In the area of Motion Planning (my own area of research), the most that can be said is that practical solutions exist for a tiny subset of cases, workable methods exist for a larger subset, expensive methods exist for a still larger subset, and everthing else might as well be impossible.
- If you've got a low-dimensional problem, say 2D or 3D, without uncertainty (or at least bounded enough to pad obstacles and ignore it), search-based planners like A* and its derivatives work. Add uncertainty, complex non-holonomic constraints, limited horizons, etc and it becomes much harder.
- If you've got a higher dimensional problem, say a 6/7-DoF arm, even multi-armed or humanoid robots, and you don't have uncertainty and dynamics (or can ignore them), sampling-based planners like RRTs and PRMs and their derivatives will often practically work. Actually useful guarantees of finding a solution or trying to find an optimal solution in useful time are still very much unsolved.

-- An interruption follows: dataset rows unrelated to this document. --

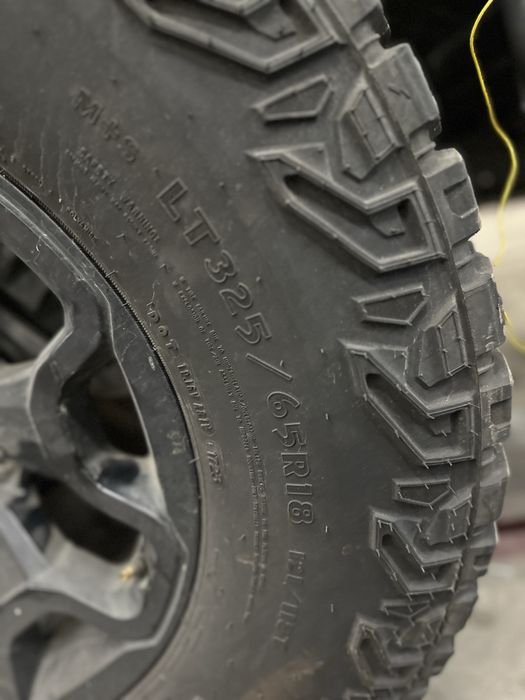 Диски с шинами 35” Dodje RAM TRX 2022 325/65R18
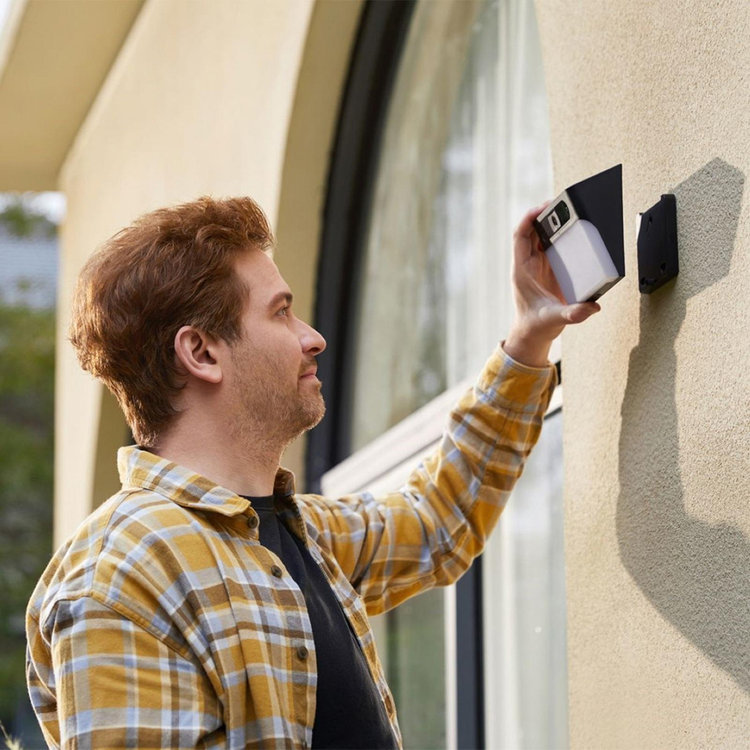 Eufy, Solar Wall Light Cam S120 | Zola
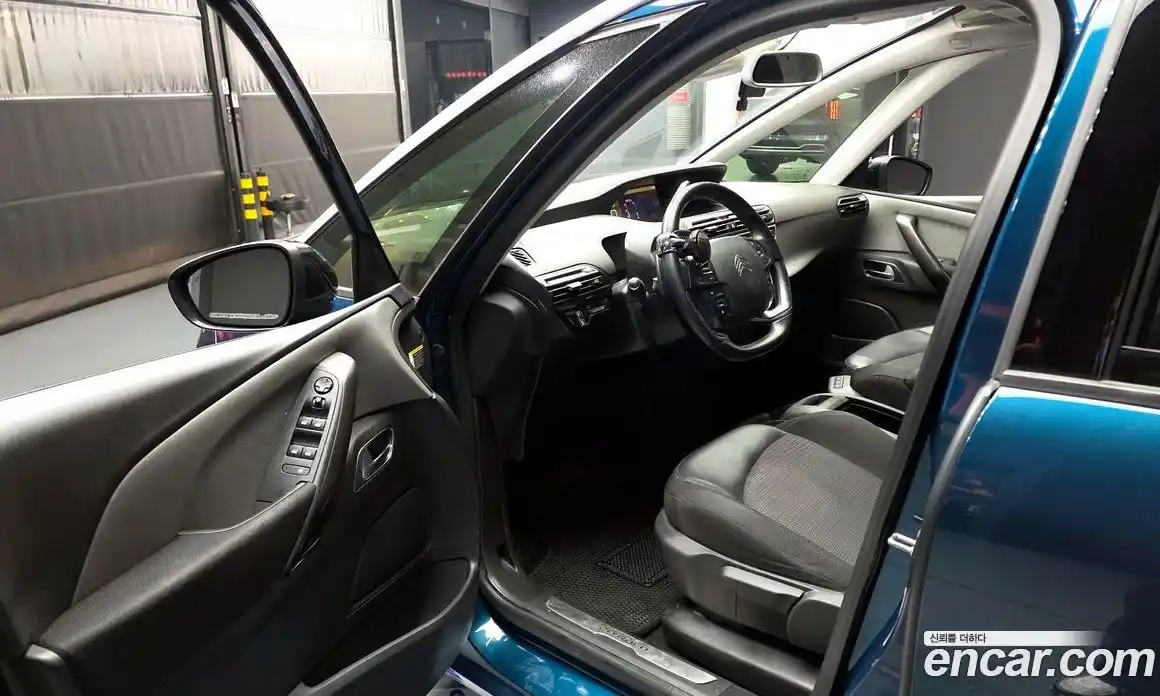 Citroen C4 Spacetourer 2021 1.5 гидро в Москве № 2134854, фото 13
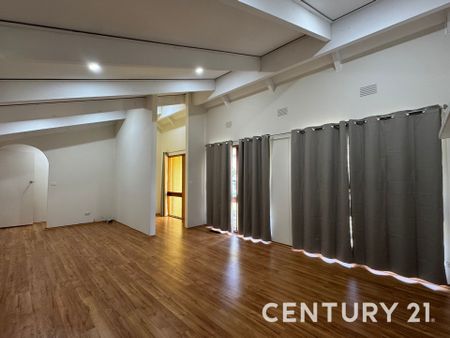 Freshly Renovated & Ready to Impress! - Photo 3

- If your problem is basically open, and something approximating the "straight-line" from A to B is in the same local minima as a solution, trajectory optimization will work for a lot of problems. Motion planning is very much non-convex, though, so it's very easy to go from a problem solvable with optimization to a problem that isn't.
- Planning with non-rigid objects, significant uncertainty (effectively continuous MDPs or POMDPs), and/or complex dynamics are all very unsolved problems.
For motion planning problems in the gray area of "practically solvable", the art is figuring out how to simplify the problem as much as possible to make it tractable - highly optimized collision checking (generally speaking the performance bottelneck), combining search/sampling-based + optimization methods to get an initial solution from a global method and then refining it towards a local minima with optimization, or using special hardware or sensors to bound dynamics and uncertainty so it can be ignored.
I discovered when doing something in this space recently that even the simple case of doing optimal planning for a particle under Newtonian dynamics, with limits on eg. velocity and acceleration, is NP-Complete.
sorry for sidetracking your answer but what actually does convex mean in the context of optimization. I remember looking at a book called convex optimization.
Your statement that
> Motion planning is very much non-convex,
suggests to me that you are very much talking about the same thing. I understand convexity as in a shape. Why is convex good and concave bad in terms of optimization?
I don't want you to dumb down the answer too much as I am a trained Mechanical Engineer but then my major isn't math. Hope you understand :)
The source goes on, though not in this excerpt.